- Born: June 24, 1957 Urmia
- Died: August 15, 1990 (aged 33) Konya
- Cause of death: Assassination
- Other names: Ali Kaşifi, Ali Kashefpour, Eli kashefi
- Citizenship: Iran
- Education: Sociology and political science
- Occupation: Politician
- Website: elikasifpur.com

Notes
- Serî dana ji bo kurdistaneke serbixwe ye ter azadî, aştî û demokrasî

= Elî Kaşifpûr =

Ali Kashefpour

Elî Kaşifpûr (Ali Kashefpour) was a member of the central committee of the Kurdistan Democratic Party of Iran KDP-I. He was assassinated on August 15, 1990, in Konya.

== Early life and education ==

Elî Kaşifpûr was born on 24 June 1957 in the village of Piranjuq, near the city of Urmia in north-western Iran.

Elî completed his primary education in Hovarsin and continued his secondary education in Urmia. He initially enrolled at the University of Tabriz, studying Social Sciences, but later transferred to the University of Tehran to study Political Science.

During his last academic year, the Iranian people revolted against the Pahlavi dynasty, which led to the establishment of the Islamic Republic.

== Political Activism ==

During his time at the University of Tehran, the political climate in Iran was highly turbulent. In 1978, the popular uprising against the Shah’s regime began, and Eli actively participated in the protests. His involvement led to arrests and interrogations by the secret police. Despite the harsh treatment, Eli remained steadfast in his beliefs.

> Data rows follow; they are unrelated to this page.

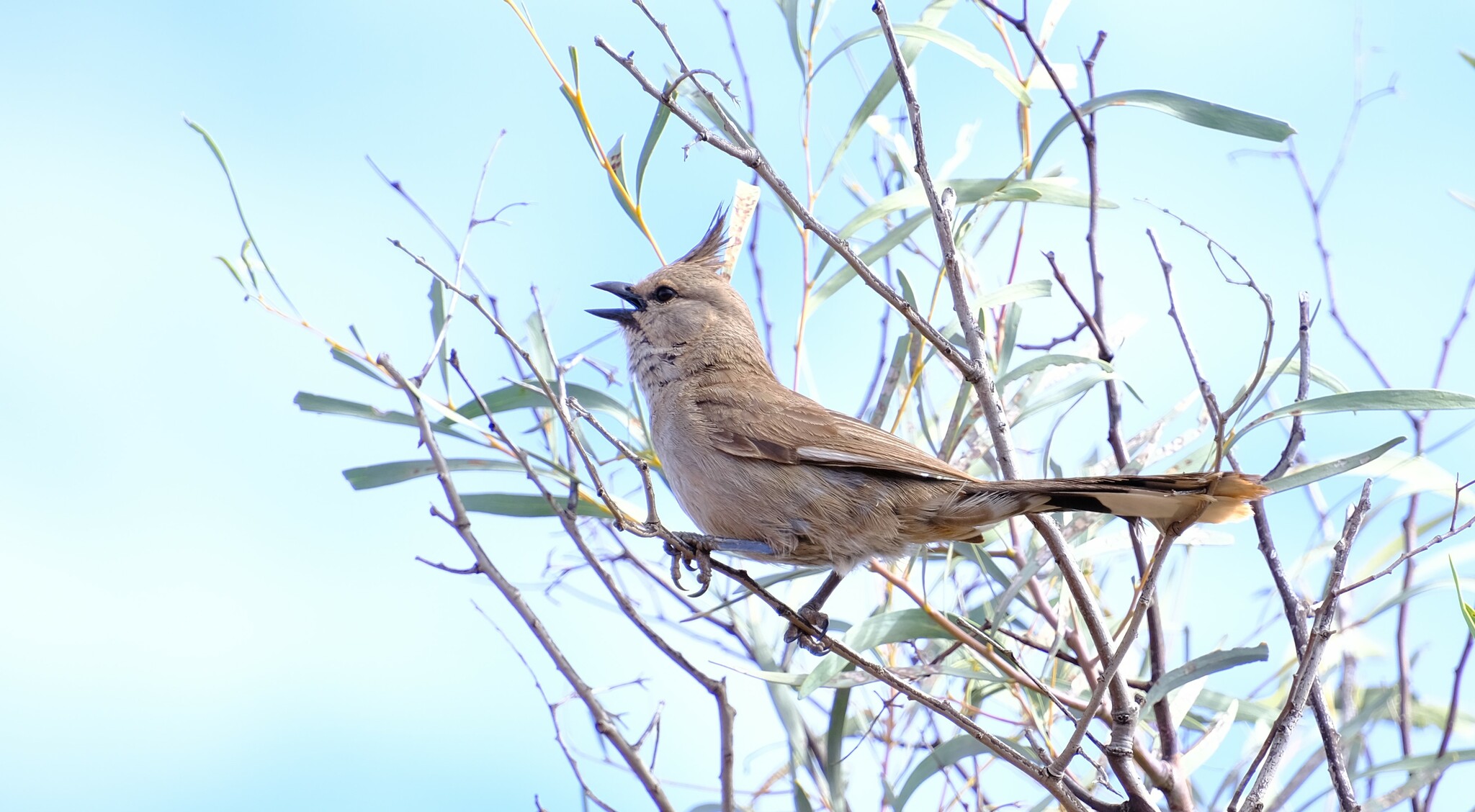 Chiming Wedgebill (Psophodes occidentalis), photo 1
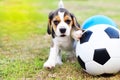 Cute little Beagle with football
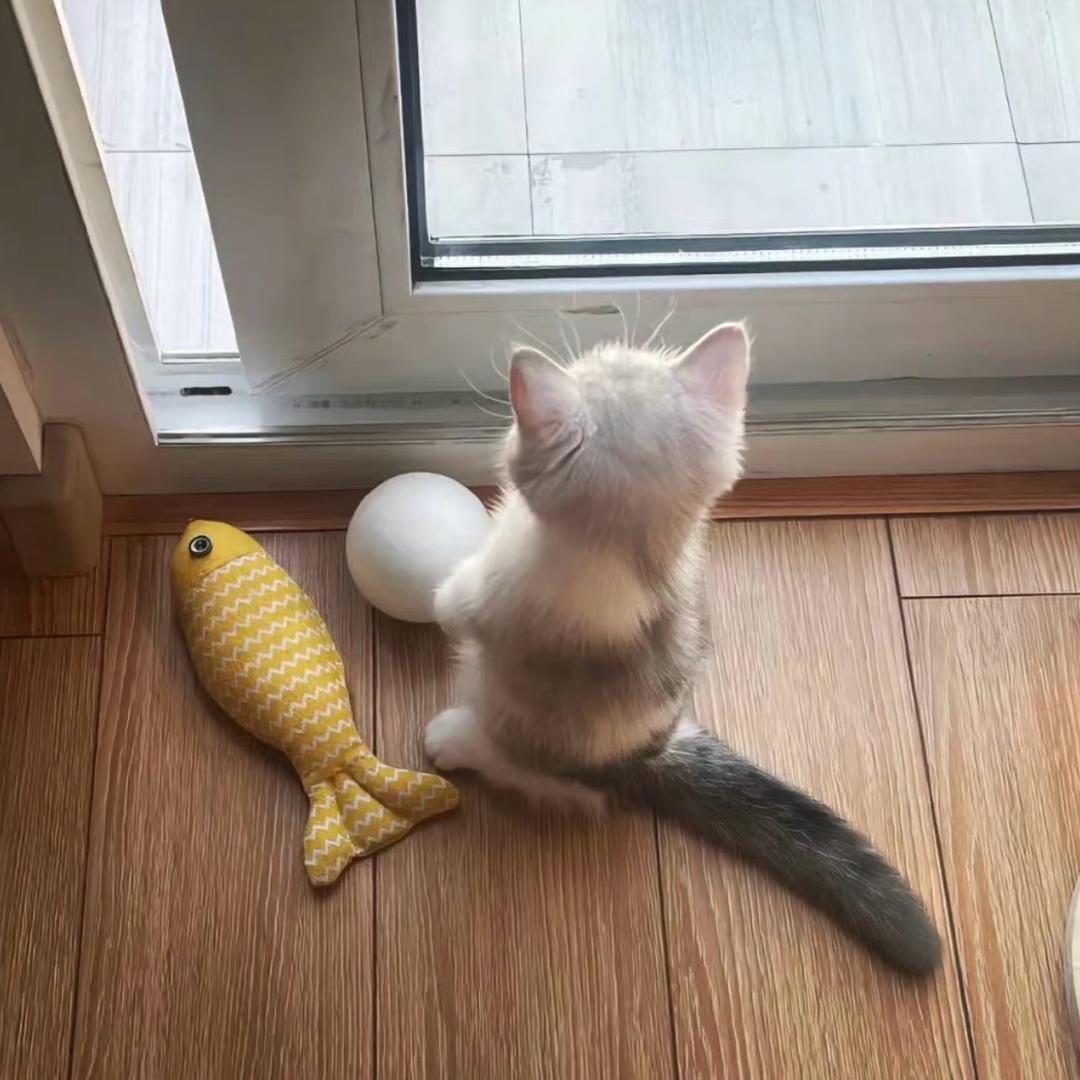 素不鸟我蹲墙角🦷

== Joining the Democratic Party of Iranian Kurdistan ==

After the fall of the Shah’s regime in 1979, Eli joined the Democratic Party of Iranian Kurdistan PDKI. He became a member of the peshmerga forces, the armed fighters of the Kurdish movement, and quickly rose through the ranks due to his dedication and leadership skills. By 1979, he was elected as a member of the Central Committee of the PDKI

The Kurdish people demanded freedom, equality and democracy. With the help of his friends, he set up a library in his father's village of Hovarsin. He always encouraged young people to read and gain knowledge and believed that the reason for Kurdish backwardness was ignorance and illiteracy. During his political career he was active in Northern Kurdistan of Iran.

== Assassination ==

In 1990, while his family was in Turkey, Eli went to take care of them. Despite his preference to remain in Kurdistan, he followed the party’s advice and went to Turkey. On August 15, 1990, Eli Kasifpûr was assassinated by agents of the Islamic Republic of Iran, in collaboration with the Turkish secret service MIT. His body was found on the road from Konya to Ankara.

Eli Kasifpûr is remembered as a prominent Kurdish leader and martyr who dedicated his life to the struggle for Kurdish independence and rights. His leadership and sacrifice have left a lasting impact on the Kurdish movement.